If you've got a P2P game that has 100,000 customers at $15 a month, you're pulling in $1.5 million a month, steady and reliable. If you've got an F2P game, you might make three times that in one month, and nothing at all the next month. In order for F2P games to remain profitable, they have to "cut the fat" by laying off existing staff, shrinking their workforce to a bare minimum maintenance crew and focusing all remaining development efforts on trying to get people to buy stuff from your shop.

Honestly, if P2P dies out I'm just done with MMOs in general until the F2P bubble bursts. After that happens I think we'll see some really interesting new games, especially considering how it'll likely happen when WoW's alleged decline starts to become real.
Any good game can be played for years regardless of the community, especially if they release regular updates and expansions.

P2P games are also capable of focusing their efforts on cheap ways to make money... vanity items in the cash shop, power boosters, experience boosters, mounts and pets and other collectibles.

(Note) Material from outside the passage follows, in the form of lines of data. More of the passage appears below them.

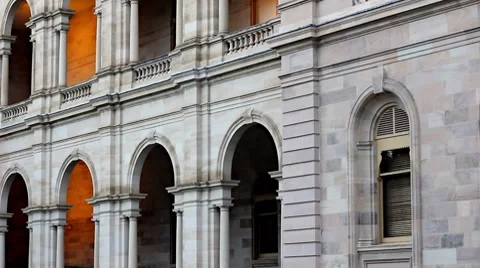 Strange Light inside an Old Building Stock Footage 8516524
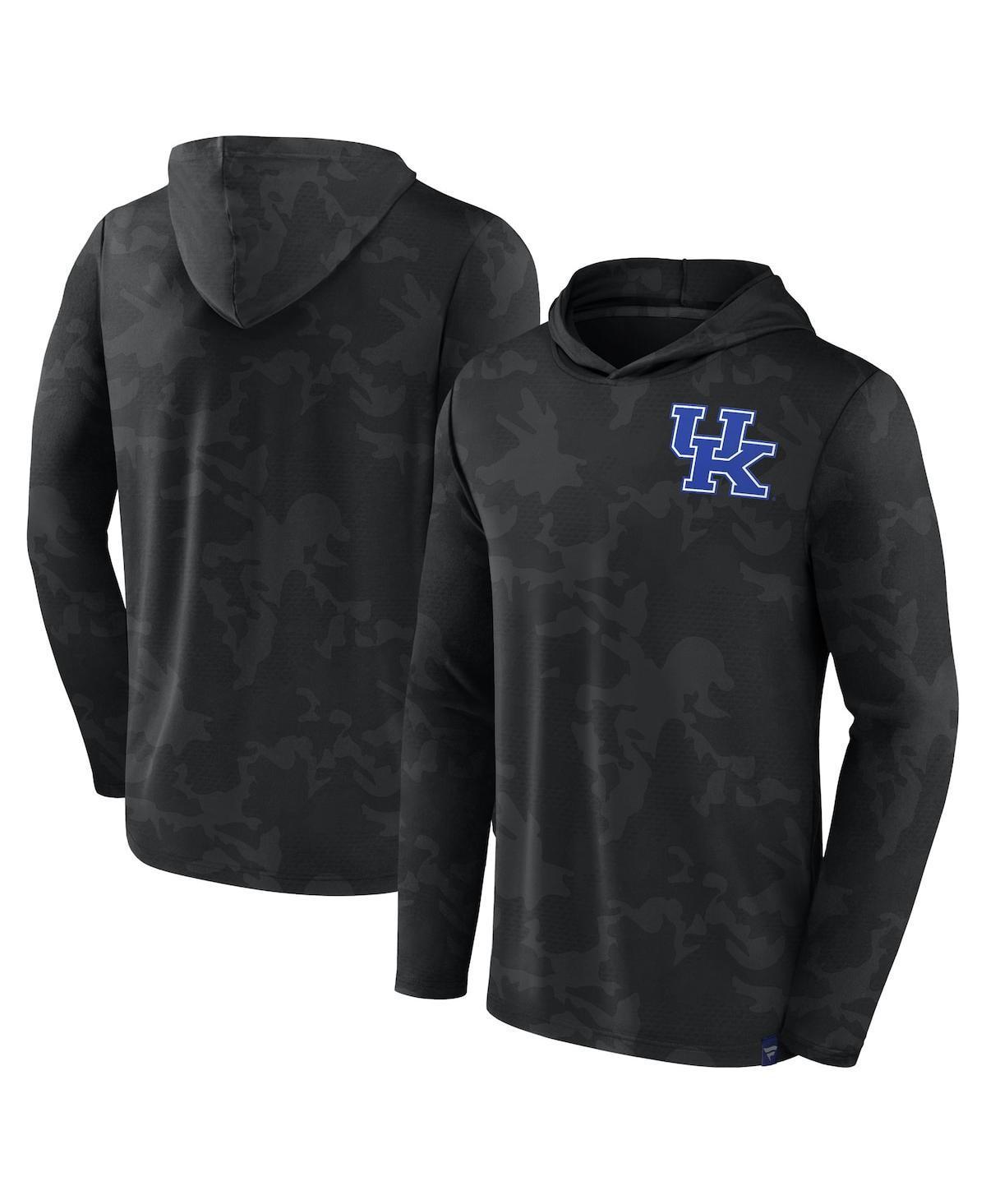 Mens Fanatics Black Kentucky Wildcats Camo Hoodie Long Sleeve T-shirt Product Image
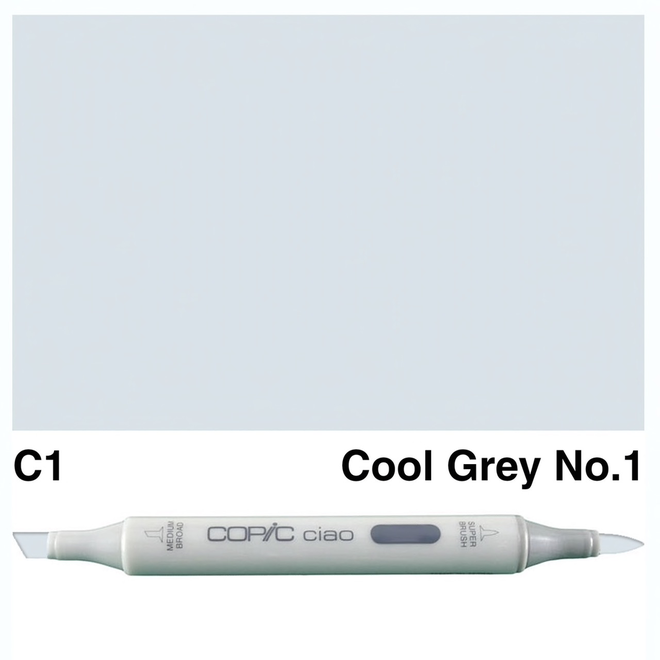 COPIC CIAO C1 COOL GREY 1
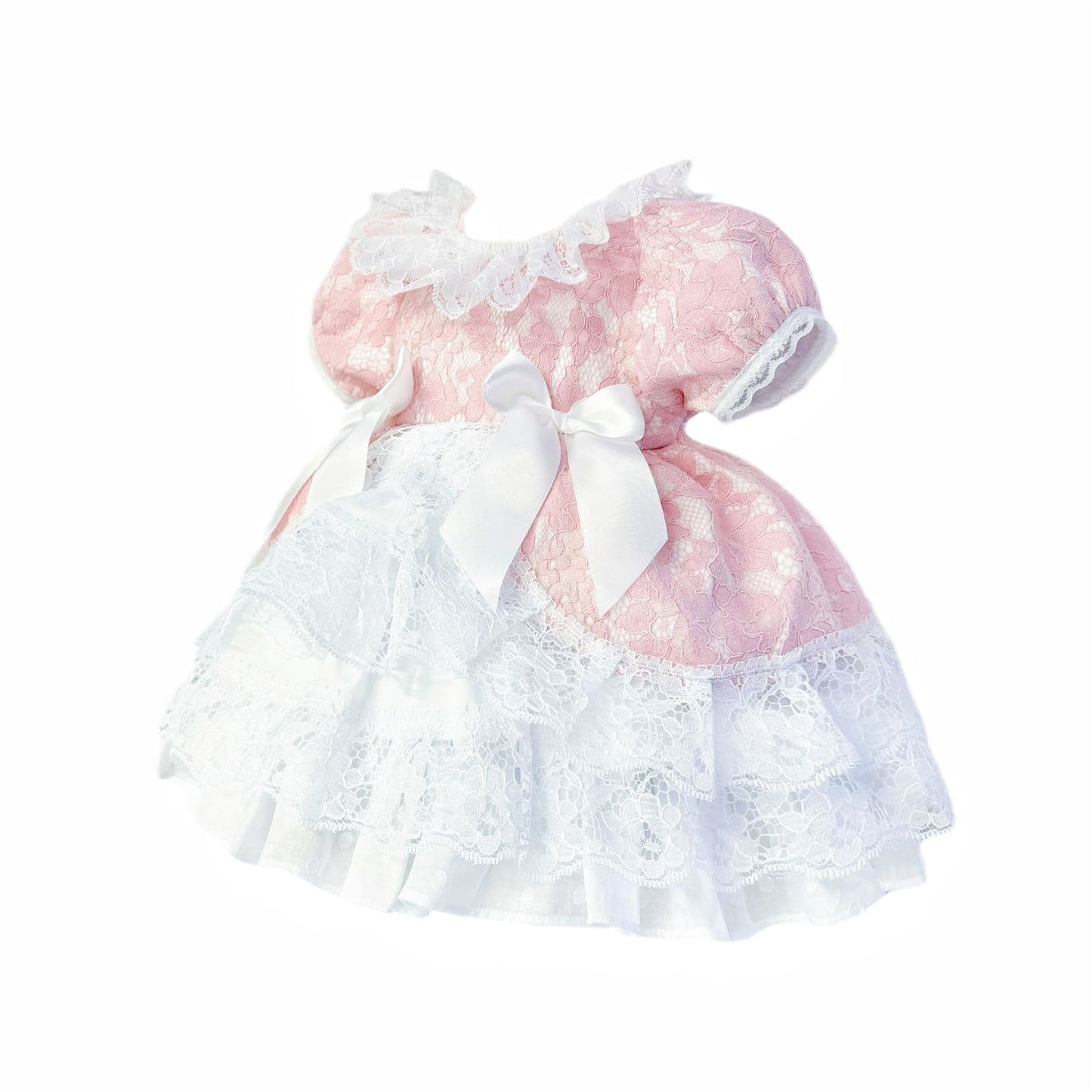 *SALE* Baby Girl Pink Lace Puff Ball Dress "2409 Pink"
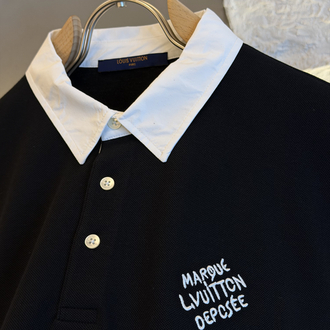 Louis Vuitton Logo Appliquéd %100 Cotton Polo Tshirt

It's not sacrificing all content updates but any effort and money put into the cash shop is less effort and money put into content patches.

Higher subscription numbers doesn't lead to more content patches. WoW at 12million subs then and 8million subs now, I'm still seeing 1 new raid per patch. Content is also prolonged by gating and dailies. Raids with their low drop chance for gear, gating and one kill a week. Other content with dailies for tokens for items with incredibly high token costs that takes months to purchase everything. Btw, if 12million down to 8million is not a decline, then I don't know what is.

But yeah, P2P games have much better customer support, account security and recovery. And that is very important for any customers who put money into games.